“I don’t know any writer who’s happy. But what else is there to do?”
— Natalie Goldberg’s friend Eddie, quoted in Thunder and Lightning : Cracking Open the Writer’s Craft
I’ve been working on a white paper this week, and am going through the dreaded Writing Process.
Since I began this full-time word wrangling gig last November I’ve been observing my writing processes, and this seems to be how I do it:
- Receive assignment
- Diligently perform necessary background work (research, interviews, etc.)
- Procrastinate
- Review background materials in a desultory way, get bored, resort to skimming
- Resume procrastinating
- Deadline now very near: attack background materials again, desperately trying to wring a coherent narrative from them
- Flounder hopelessly
- Panic
- Just before the piece is due, everything snaps into place; enter strange Zen state of calm and exhilaration
- Write draft
I find this process hateful, and am trying to change it into something…sane. But the possibility that this is simply how I work haunts me. Maybe floundering hopelessly is a necessary stage for me. Maybe I need the irrational panic. Maybe all that procrastination gives my subconscious a chance to do whatever it does that allows me to write that draft in one adrenaline-fueled last-minute burst.

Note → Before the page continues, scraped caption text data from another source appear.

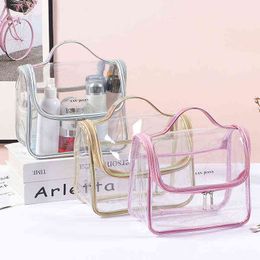 PVC transparent cosmetic bag female ins style portable simple waterproof travel storage wash 220518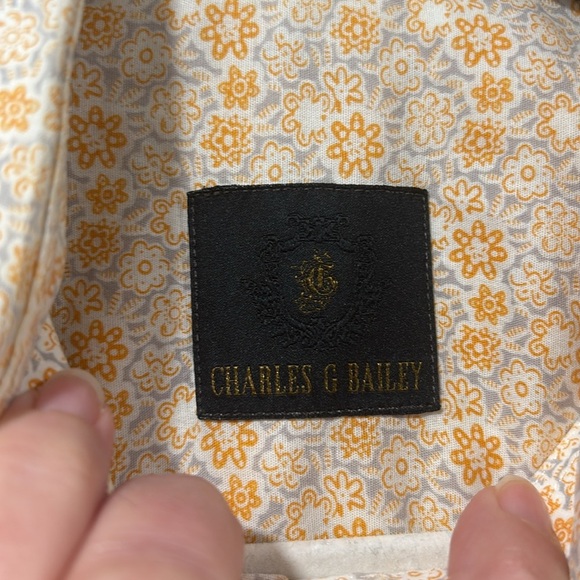 CHARLES G BAILEY yellow floral button down shirt size Large - Picture 3 of 6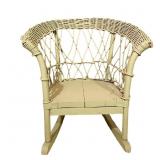 Vintage Child's Wicker & Wood Rocker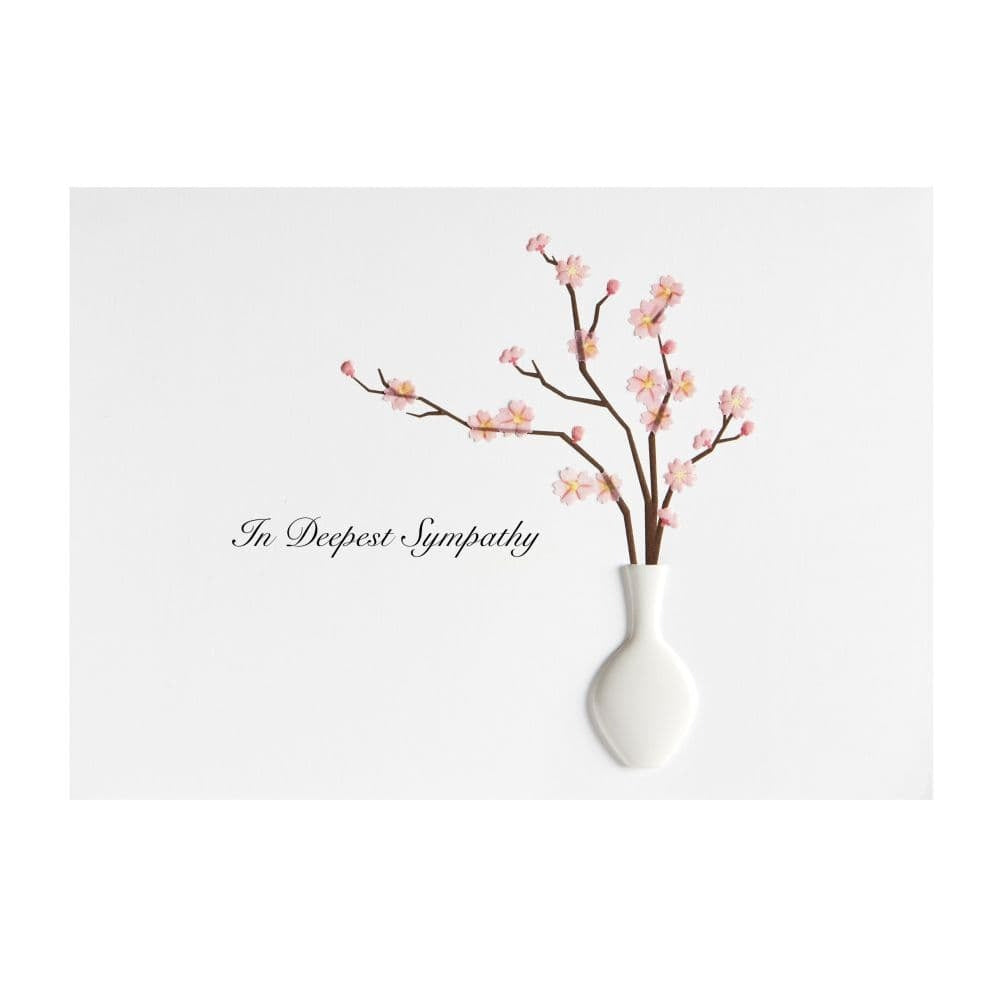 Pink Blossom with Vase Sympathy Card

This is the weird thing about writing, as opposed to other kinds of work: I don’t really understand how I do what I do. Maybe I’ll figure it out someday.
I was thinking about my high school journalism teacher the other day, and realized with a shock that I was excatly the same way back them. Oy.

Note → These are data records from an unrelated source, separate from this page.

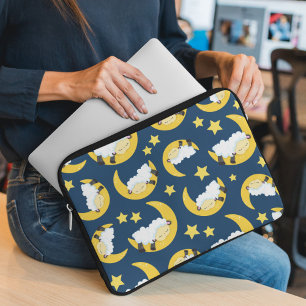 Sheep Pattern, Sleeping Sheep, Moon, Stars Laptop Sleeve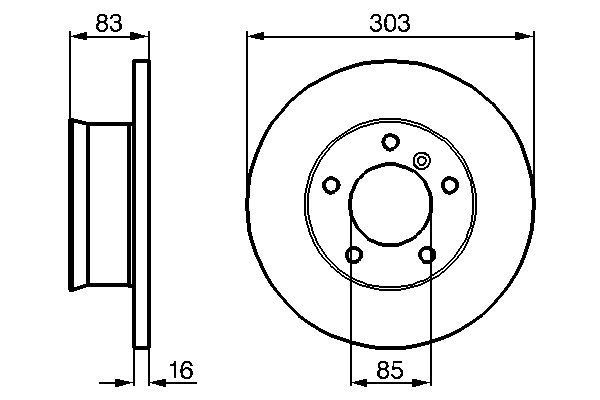 Fren Disk Ayna Ön Sağ ve Sol Mercedes G -Serisi (BM 460 / 461)(01.1979->)  BOSCH 0 986 478 189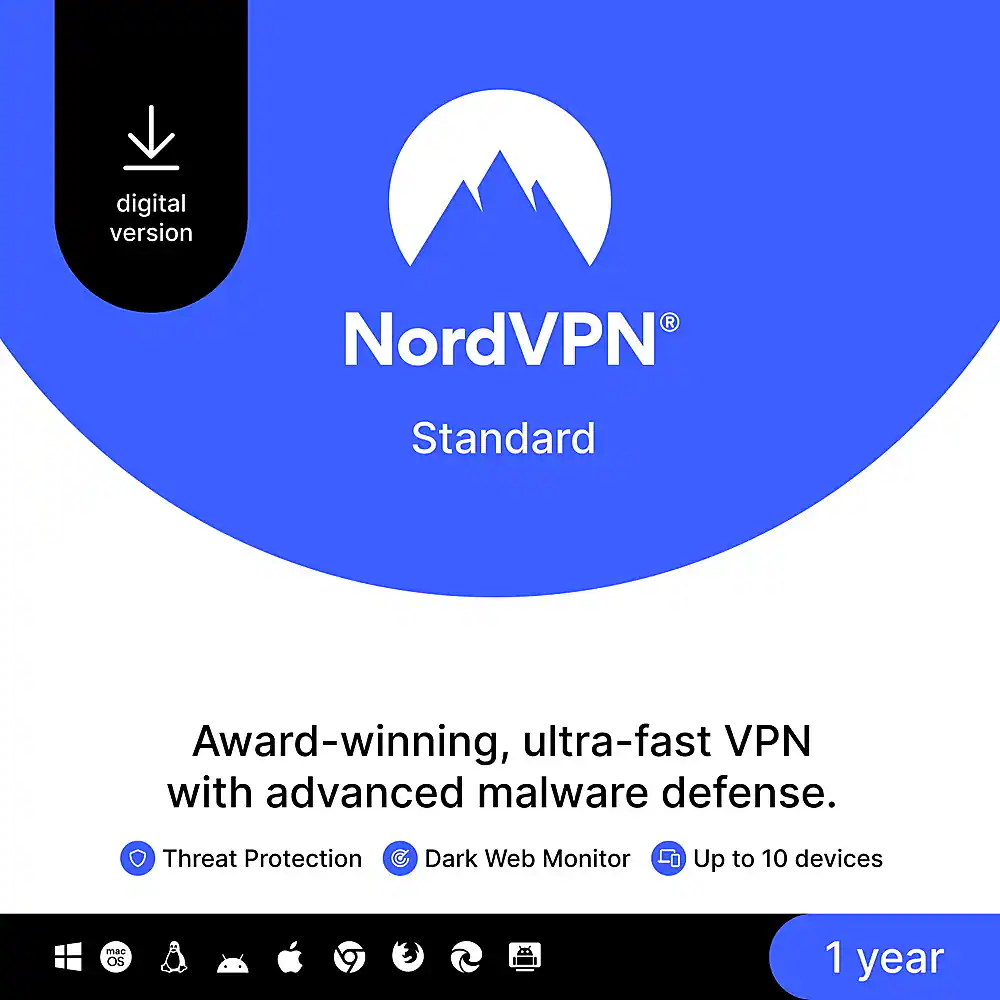 NordVPN Standard is an award-winning, ultra-fast VPN with advanced malware defense. It offers threat protection, a dark web monitor, and is compatible with up to 10 devices. The digital version is available for one year.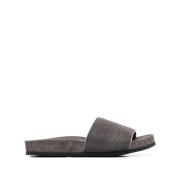 Brunello Cucinelli Beige Mocka Slide Sandaler med Monile Detalj Beige,...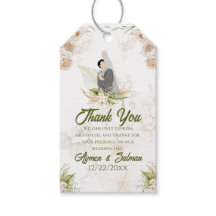 Floral Green & Beige Islamic Wedding Thank You Tag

Honestly, I think that’s the writing process for many of us. I have the exact same process–with the exception of a few games of spider solitaire thrown in for good measure.

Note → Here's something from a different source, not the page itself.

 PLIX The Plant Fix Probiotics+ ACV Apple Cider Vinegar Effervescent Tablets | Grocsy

Most writers I know also have a love/hate relationship with it. Can’t remember who said, “I hate writing, but love to have written.” It’s true. And I don’t know about you, but I’ve never felt as though I had a choice in the matter. I always knew I’d be a writer.
Sigh.
Heh. I can’t remember who said it originally, but, “I hate writing, but love to have written” was essentially George R.R. Martin’s answer to my question to him about what aspect of writing he enjoys. He said he didn’t enjoy writing at all; and if there was one single thing he could think of to do for a living besides writing, he’d do it.